Everybody says Houston is big enough to support more than one track but the truth is I have yet to see it. Everytime there is one track the racing is good, when another track opens, either everybody goes there or nobody goes there.


----------



## cjtamu (Sep 22, 2004)

Houston can support at least 2 tracks, but not the way things haev been going. When THRC was viable you had M&M and Fastrak doing well, and even after pearland was added things were still good for a bit. K&M still had their thing going also. You could always count on good nitro racing at THRC and good electric racing at K&M. Remember when there was actually Stock and Mod truck and buggy? Personality conflicts and grownups acting like 5 year olds are what started the problem. A lot of people quit racing peiod around that time. Now you have people bailing every weekend to go out of town, you have tracks scheduling races on top of each other, and we don't have out of town racers coming in anymore either. We used to always have a big crew from LA and south TX come in too. I still think H'town can support 2 tracks as long as they schedule so people can run either one or both. We need to get some new peeps in and increase the number of racers, that's for sure. People will go where the racing is good, we just need to figure out how to get the club races back where they used to be.


----------



## insaneracin2003 (Feb 22, 2006)

cjtamu said:


> Houston can support at least 2 tracks, but not the way things haev been going. When THRC was viable you had M&M and Fastrak doing well, and even after pearland was added things were still good for a bit. K&M still had their thing going also. You could always count on good nitro racing at THRC and good electric racing at K&M. Remember when there was actually Stock and Mod truck and buggy? Personality conflicts and grownups acting like 5 year olds are what started the problem. A lot of people quit racing peiod around that time. Now you have people bailing every weekend to go out of town, you have tracks scheduling races on top of each other, and we don't have out of town racers coming in anymore either. We used to always have a big crew from LA and south TX come in too. I still think H'town can support 2 tracks as long as they schedule so people can run either one or both. We need to get some new peeps in and increase the number of racers, that's for sure. People will go where the racing is good, we just need to figure out how to get the club races back where they used to be.

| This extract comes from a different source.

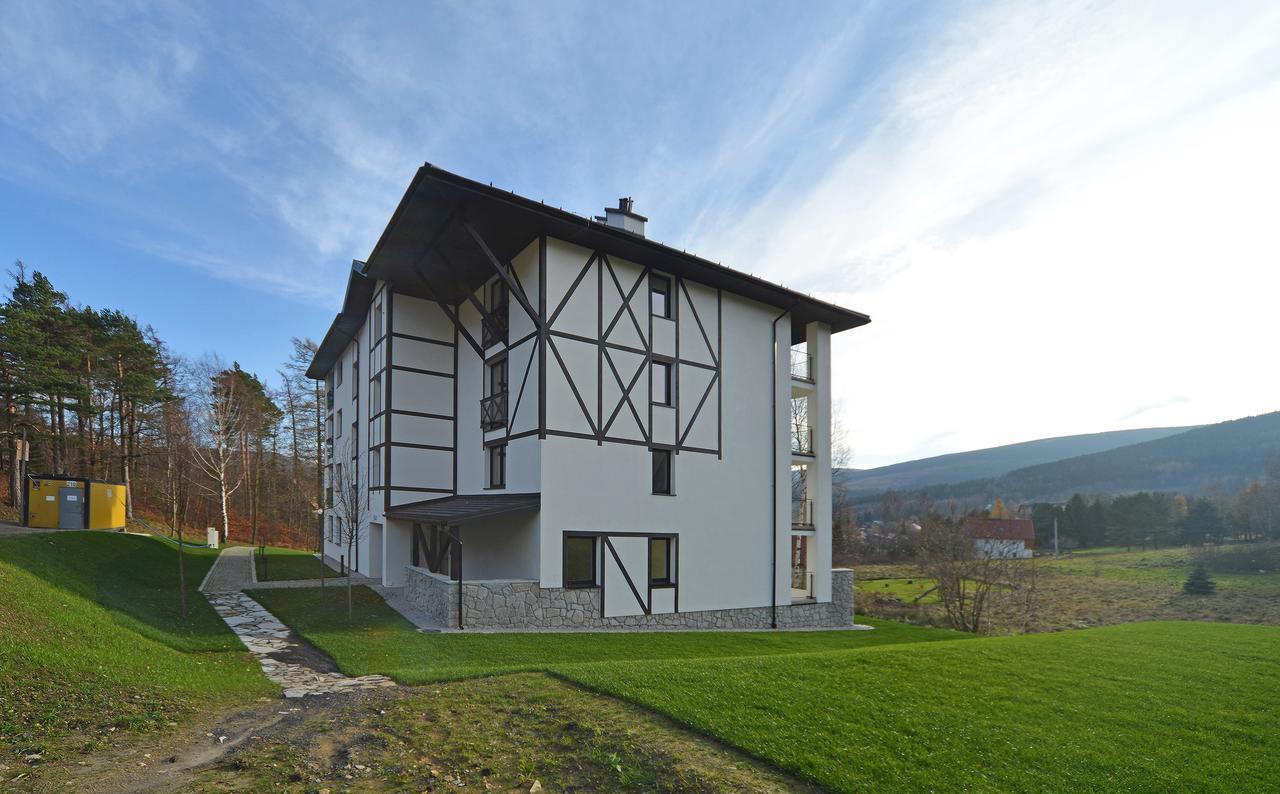 Apartamenty Sun Seasons 24 - Piano Świeradów-Zdrój Esterno foto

I say we need to promote more club races and get people that are not into the sport i,into it,and people that are already aware of it ot get their arses out there and race with us. I will be doing up some fliers to get this ball rolling because since the tracks are closing if it keeps going like it is,we may be in big trouble.We need to promote electric racing also.the elec class is soooo competetive when everyone shows up.but that is the key,getting everyone to show up.Let's do this guys!!!! let's spread the word and keep Houston as a premiere place to race.


----------



## Ronborsk (Jan 28, 2006)

Good idea to push electrics. Electrics is a good way to get newcomers into rc racing. I have noticed, however, that it seems that novice was running an all-together race, gas and electric. That could scare anyone off. Perhaps there are not enough to split them up. I certainly have seen times when there weren't enough to split them but not every instance. I dunno, especially since I only get out once a month.


----------



## cjtamu (Sep 22, 2004)

Electric racing is a lot of fun and with the new brushed motors and brushless technology there's a lot less maintenance. But there's hardly anybody racing it anymore. Roger, Jim S., Andy, TJ, Tol, Kev all used to run electric regularly. All we can do is try to get more people into racing whether it's gas or electric.


----------



## chicken (Mar 21, 2005)

Howdy Racers,

There are several reasons that come to mind on why we are losing tracks and shops in Houston. The biggest reason is the fact that many racers do not support the local hobby shops. I grow very tired of fellow racers telling me of a steal they got on eBay or of that "discount" that they received from the mail order place. Open your Car Action to the pages where your favorite mail order has their ads or bring up eBay on your computer. Where is the dirt, the jumps, driver's stand or the sweeper? That's right folks, you just can't race on the pages of your mail order shop's ads or on the eBay screen, it ain't gonna happen. Lots of money goes into a track, utilities, the facilities for pit, restrooms, etc and the race fees just don't come near to covering the costs. That track is supported by the sale of merchandise in the shop, see where I'm coming from? I pretty much know all the shops and yes they will and do give racers breaks on pricing, but don't expect it everytime. A regular customer more often than not is receiving a good price for their purchases and it will often times meet or beat that mail order shop's pricing.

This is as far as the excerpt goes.